Dentro, un hombre misterioso, la mayoría de las veces comprometido, la esperaba relamiéndose los bigotes y ansioso por tener muy cerca a la bella Magnolia. Ella lo besaba con cierta malicia, luciendo carmín rojo, pestañas pesadas que enmarcaban la mirada y la hacían misteriosa y sensual, escondiendo su pie pequeño, para que no se lo viera. Muy a propósito dejaba manchas de colorete en el cuello de la camisa de sus múltiples acompañantes. Los besos en el cuello la enloquecían. Un día era Luis, otro Carlos, al día siguiente habría otro con un auto más bonito, más grande. Los perfumes de sus conquistas serían distintos: Aramís, Vetiver, Franela Gris. Magnolia sonreía llena de vanidad, audacia y coquetería.
Elisa regresaba de ese mundo tecnicolor. La luz de su mirada iba apagándose poco a poco. Sus ojos se posaban con rabia y frialdad en su pierna izquierda, que desmentía lastimeramente sus sueños de gloria; piernas antagónicas, disimiles, tan diferentes como ella misma y su familia.
Evadía en sus viajes espectaculares ese miembro izquierdo, muerto e inerte. Un muñón, primordio amorfo con un pie pequeñísimo, pie de loto, como el de las mujeres chinas. “Escóndelo”, oyó decir desde su infancia. En su recuerdo repasaba la cantidad de noches que su madre y su abuela le embadurnaban el pie con remedios de todas las yerbas: ruda, romero, salvia y alcanfor. El desfile de médicos, yerberas y santeros veían ese pequeñísimo pie, al que no encontraban explicación. Puede que no sea de ella, sino no de una hermana gemela, que la lleva dentro, y de la que solo asoma ese pie tan diferente.
En los cientos de discursos que tuvo que escuchar, había de todo. Unos creían que era un castigo; otros, un milagro. Llevaban ofrendas a la niña del pie de loto. También maldiciones en la puerta de la casa, con insignias alusivas a la maldita niña deforme.
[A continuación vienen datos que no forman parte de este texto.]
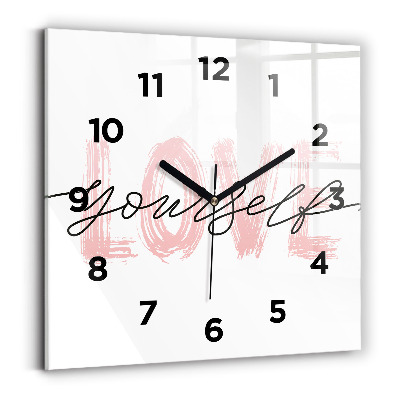 Ceas de sticlă pe perete pătrat Inscripție Iubește-te pe tine însuți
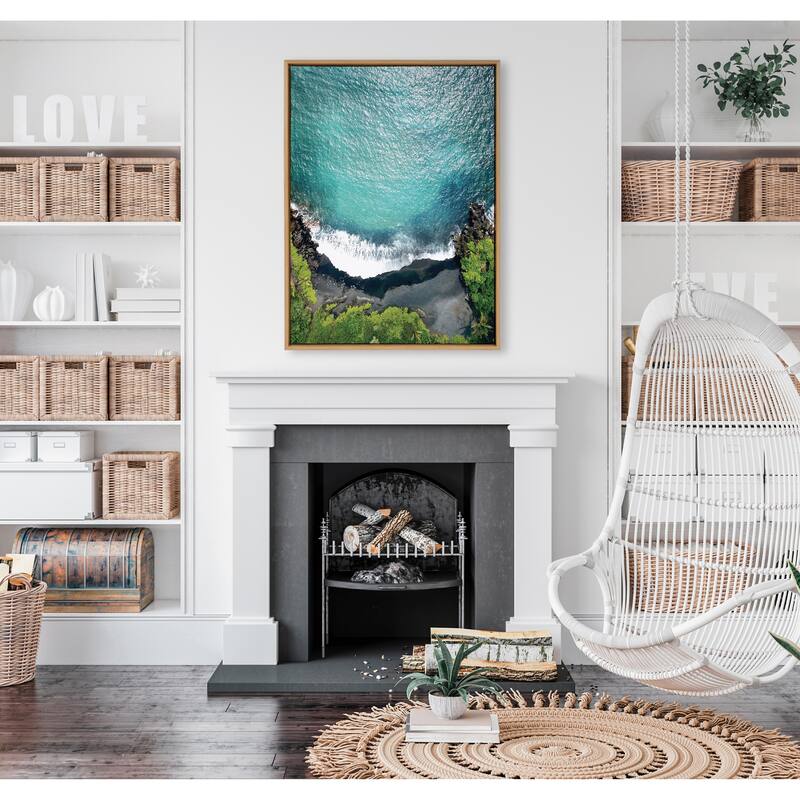 Kate and Laurel Sylvie Maui Black Sand Framed Canvas by Rachel Bolgov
La pequeña Elisa abría sus cuadernos y dibujaba vestuarios de múltiples colores, tocados con plumas exóticas y frutas tropicales, pero no para ella, sino para su hermana. La tengo dentro, decía. Me baila dentro. La gente cree que soy yo, es mi hermana. Es ella con su pie pequeñito. Todo el mundo cree que soy yo la que me muevo, porque ese pie suyo lo escondo, no dejo que lo vea nadie. Pero es ella la que se suelta a bailar. La hermosa Magnolia Tango es ella, créanlo o no, ella desarrolla en carboncillo los escenarios y agenda la siguiente cita para el romance encriptado de la estrella. Brilla más en lo oculto, en lo oscuro. Gira y gira. Con ese pequeño pie, se mueve. No le hace falta luz y ninguna otra cosa si se escucha de fondo la música de “La pollera colorá…”.